Notice that in a range 20-25, we include all values that fall within the range including 20 but we do not include (Hence the frequency is 1010 and not 11). Since 25 is not included in the 20-25 bin, it will fall in the range 25-30. This has to apply to all numbers, meaning that in the 10-15 bin, 10 is included but 15 is not, as it is included in the 15-20 bin. Again, this is just a generally accepted rule, and you may choose any rule as long as you are consistent throughout the problem and your audiences (including your teachers) are aware of your assumptions. This means that you could choose to add 25 in the 20-25 bin, but you would also need to make sure that 15 is included in the 10-15 bin and not the 15-20 bin. Basically, you need to ensure consistency.
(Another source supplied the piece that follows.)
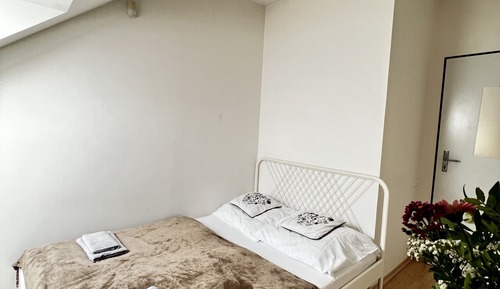 Chambre, 1 lit double, salle de bains commune (small)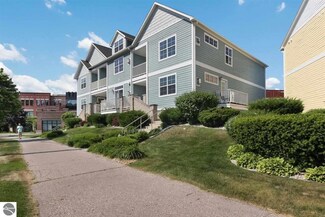 151 Railroad Ave Unit 13, Traverse City, MI 49686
For simplicity, we will follow the general convention to include the lower bound and exclude the upper bound (Here for the bin 25-30, 25 is the lower bound of the bin, which is included and 30 is the upper bound of the bin, which is not included).

Now that we have the frequencies, we can make a horizontal line starting from 10 and create bins up to a height that will determine its frequency. The bin 10-15 has a frequency of 6, so the height of that bin will be 6 (as shown in the vertical axis). This means that there are 6 dogs that have weights that lie between 10 and 15 kg. A height of 10 in the 20 to 25 bin means that there are 10 dogs with weights between 20 to 25 kg.

Let’s look at the histogram and dot plot together again.

Notice that the histogram and the dot plot have a similar shape. The dot plot has the advantage of showing all of the data values, but the histogram is easier to draw and to interpret when there are a lot of values or when the values are all different. In a histogram, the individual data values are no longer available, and consequently the interpretation of the data cannot be as specific since we have grouped the values into bins.

Why use histogram over dot plot?

In the last example, we looked at a case of weight of dogs and created a histogram and dot plot for the same data as shown.

They both looked similar with a few key differences. But if we already have a dot plot, why make a histogram if the results are the same? In this case, we did not have a lot of data, meaning the dot plot looked ‘nice’ and not over crowded or confusing.

What if we had A LOT MORE data? Let’s look at another distribution, which is not so “nice”.

Below we have a dot plot showing the weights of 40 different dogs. This time we have more data as well as data values that are close to each other.

Using the same data, the given histogram is made.

In this case, which graph would you choose to explain the distribution?

It is difficult to make sense of the distribution from the dot plot because the dots are so close together and all in one line. Most are overlapping and it is difficult to see individual data values. But looking at the histogram, it is much cleaner. It does a much better job of showing the distribution of weights, even though we can’t see the individual data values. So, histogram is a more suitable representation when there are too many data points.

We can see that the histogram is a meaningful interpretation of the dot plot. On the dot plot, we can see a denser cluster from 15 to 25, which you can also see on the histogram. Similarly, there are fewer dots in the range 25-30, which you can see as the short bar in the histogram. The bins made by histogram makes it easier for us to see which group has higher frequency and which has a lower frequency.

To conclude, when there are many different weights and most occur only one time (meaning they have a chance of overlapping), a frequency table or even a dot plot would not be very informative. It would be too cluttered. On the other hand, a histogram groups these cluttered data and often reveals interesting patterns on the distribution.